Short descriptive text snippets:

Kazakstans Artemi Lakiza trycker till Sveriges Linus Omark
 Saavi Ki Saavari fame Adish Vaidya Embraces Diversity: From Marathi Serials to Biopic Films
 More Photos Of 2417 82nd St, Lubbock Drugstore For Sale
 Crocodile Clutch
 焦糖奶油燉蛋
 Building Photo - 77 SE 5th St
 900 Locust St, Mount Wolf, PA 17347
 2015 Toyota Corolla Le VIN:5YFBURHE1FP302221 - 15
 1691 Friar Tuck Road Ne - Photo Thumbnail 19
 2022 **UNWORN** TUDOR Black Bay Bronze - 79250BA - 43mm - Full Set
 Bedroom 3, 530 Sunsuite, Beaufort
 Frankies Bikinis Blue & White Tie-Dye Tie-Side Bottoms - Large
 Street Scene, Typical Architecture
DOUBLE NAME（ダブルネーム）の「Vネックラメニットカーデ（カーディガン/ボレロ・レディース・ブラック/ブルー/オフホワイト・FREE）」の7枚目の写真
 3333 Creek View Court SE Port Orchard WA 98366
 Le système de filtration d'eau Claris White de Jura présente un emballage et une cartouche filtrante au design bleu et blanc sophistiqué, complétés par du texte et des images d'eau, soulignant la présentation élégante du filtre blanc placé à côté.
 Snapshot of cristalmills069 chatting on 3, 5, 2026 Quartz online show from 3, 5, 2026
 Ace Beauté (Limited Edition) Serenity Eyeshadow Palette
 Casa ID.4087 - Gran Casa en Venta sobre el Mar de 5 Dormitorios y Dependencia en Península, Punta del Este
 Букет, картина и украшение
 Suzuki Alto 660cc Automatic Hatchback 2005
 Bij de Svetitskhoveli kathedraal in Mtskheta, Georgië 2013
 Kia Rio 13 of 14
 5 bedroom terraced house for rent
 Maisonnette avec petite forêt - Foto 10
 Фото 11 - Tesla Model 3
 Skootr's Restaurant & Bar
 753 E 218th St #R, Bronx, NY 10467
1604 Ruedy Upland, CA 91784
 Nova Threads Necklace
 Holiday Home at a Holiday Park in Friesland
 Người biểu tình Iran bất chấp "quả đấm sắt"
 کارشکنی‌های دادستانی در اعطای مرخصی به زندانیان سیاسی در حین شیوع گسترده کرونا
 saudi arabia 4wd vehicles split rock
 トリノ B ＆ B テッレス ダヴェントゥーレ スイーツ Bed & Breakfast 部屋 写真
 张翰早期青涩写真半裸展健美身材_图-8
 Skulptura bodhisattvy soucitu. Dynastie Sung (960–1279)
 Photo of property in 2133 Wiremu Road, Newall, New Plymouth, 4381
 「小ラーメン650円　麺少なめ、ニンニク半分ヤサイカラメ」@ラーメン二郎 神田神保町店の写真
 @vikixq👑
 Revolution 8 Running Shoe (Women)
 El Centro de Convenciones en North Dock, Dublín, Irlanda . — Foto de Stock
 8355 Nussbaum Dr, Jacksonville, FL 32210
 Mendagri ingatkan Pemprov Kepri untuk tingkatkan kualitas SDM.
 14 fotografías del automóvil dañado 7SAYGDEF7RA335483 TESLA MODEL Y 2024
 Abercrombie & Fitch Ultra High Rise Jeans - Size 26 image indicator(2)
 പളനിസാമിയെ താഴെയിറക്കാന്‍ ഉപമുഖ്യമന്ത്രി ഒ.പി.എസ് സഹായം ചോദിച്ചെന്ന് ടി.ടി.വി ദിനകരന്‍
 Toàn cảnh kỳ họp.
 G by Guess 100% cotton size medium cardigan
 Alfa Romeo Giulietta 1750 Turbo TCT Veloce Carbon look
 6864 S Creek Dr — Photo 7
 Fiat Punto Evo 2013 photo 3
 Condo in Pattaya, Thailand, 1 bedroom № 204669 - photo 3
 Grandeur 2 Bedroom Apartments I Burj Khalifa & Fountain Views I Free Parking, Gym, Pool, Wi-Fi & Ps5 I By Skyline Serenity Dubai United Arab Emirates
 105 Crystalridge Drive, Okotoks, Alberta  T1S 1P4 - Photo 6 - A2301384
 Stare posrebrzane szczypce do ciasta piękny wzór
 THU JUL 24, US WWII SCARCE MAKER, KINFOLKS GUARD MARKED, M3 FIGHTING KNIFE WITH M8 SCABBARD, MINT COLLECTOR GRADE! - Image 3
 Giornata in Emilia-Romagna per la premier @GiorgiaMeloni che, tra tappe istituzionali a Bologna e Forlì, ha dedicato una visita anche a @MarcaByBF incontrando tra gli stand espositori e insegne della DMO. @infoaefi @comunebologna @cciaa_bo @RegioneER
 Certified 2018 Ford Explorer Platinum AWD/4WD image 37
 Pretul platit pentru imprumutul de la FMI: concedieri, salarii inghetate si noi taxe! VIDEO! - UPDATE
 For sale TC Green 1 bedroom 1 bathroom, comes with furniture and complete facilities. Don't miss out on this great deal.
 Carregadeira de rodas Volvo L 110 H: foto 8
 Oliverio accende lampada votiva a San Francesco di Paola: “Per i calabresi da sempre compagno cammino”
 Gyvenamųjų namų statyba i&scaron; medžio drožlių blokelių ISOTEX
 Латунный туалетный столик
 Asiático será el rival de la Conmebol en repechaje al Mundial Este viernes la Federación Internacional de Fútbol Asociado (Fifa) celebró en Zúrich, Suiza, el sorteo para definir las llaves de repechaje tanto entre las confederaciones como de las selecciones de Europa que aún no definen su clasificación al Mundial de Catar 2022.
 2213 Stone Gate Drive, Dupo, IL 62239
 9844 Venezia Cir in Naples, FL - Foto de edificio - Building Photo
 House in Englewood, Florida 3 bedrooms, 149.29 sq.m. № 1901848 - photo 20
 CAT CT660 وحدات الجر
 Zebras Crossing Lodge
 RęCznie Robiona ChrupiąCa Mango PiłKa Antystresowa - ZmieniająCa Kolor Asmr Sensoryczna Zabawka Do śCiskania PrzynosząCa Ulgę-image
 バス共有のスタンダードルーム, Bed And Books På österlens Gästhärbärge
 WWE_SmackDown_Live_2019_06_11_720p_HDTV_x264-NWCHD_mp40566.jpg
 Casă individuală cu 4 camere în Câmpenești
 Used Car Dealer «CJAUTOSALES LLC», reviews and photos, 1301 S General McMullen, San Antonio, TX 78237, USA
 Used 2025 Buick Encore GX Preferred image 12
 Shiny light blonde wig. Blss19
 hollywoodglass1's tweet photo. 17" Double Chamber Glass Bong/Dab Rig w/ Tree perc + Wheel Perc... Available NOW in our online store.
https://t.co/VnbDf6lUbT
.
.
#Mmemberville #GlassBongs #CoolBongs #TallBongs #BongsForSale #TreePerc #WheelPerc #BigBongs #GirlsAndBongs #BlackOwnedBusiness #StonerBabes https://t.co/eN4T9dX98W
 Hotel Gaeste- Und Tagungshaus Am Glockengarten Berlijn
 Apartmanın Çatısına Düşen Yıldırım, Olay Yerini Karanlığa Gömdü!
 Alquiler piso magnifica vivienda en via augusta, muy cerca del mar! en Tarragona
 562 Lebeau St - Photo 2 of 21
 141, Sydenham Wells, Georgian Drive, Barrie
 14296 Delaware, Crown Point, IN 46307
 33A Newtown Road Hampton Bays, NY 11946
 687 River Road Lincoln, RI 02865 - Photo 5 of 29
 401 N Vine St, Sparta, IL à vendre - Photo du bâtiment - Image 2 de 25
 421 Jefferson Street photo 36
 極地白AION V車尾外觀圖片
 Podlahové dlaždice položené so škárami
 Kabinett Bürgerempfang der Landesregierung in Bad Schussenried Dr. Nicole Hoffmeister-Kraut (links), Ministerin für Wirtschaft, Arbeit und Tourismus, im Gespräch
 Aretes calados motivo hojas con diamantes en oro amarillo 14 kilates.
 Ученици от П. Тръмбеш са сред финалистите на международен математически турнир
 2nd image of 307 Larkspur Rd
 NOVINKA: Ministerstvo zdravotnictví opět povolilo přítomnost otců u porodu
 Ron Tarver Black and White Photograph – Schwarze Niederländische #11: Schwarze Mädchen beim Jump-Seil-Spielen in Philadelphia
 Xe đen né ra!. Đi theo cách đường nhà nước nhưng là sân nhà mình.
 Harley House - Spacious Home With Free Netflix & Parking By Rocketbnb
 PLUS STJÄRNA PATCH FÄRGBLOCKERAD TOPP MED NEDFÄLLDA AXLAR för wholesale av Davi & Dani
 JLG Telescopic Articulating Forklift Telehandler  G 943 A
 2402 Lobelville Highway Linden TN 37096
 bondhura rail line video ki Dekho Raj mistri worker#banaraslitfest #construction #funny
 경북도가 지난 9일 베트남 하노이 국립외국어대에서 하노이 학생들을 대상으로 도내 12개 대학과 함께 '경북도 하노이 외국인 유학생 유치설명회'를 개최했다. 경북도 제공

### PROBLEM DETAILS
Taking the records from the top, repeat each line exactly until you have repeated the line that contains "Building Photo - 77 SE 5th St".

### WRITTEN REPLY
Kazakstans Artemi Lakiza trycker till Sveriges Linus Omark
 Saavi Ki Saavari fame Adish Vaidya Embraces Diversity: From Marathi Serials to Biopic Films
 More Photos Of 2417 82nd St, Lubbock Drugstore For Sale
 Crocodile Clutch
 焦糖奶油燉蛋
 Building Photo - 77 SE 5th St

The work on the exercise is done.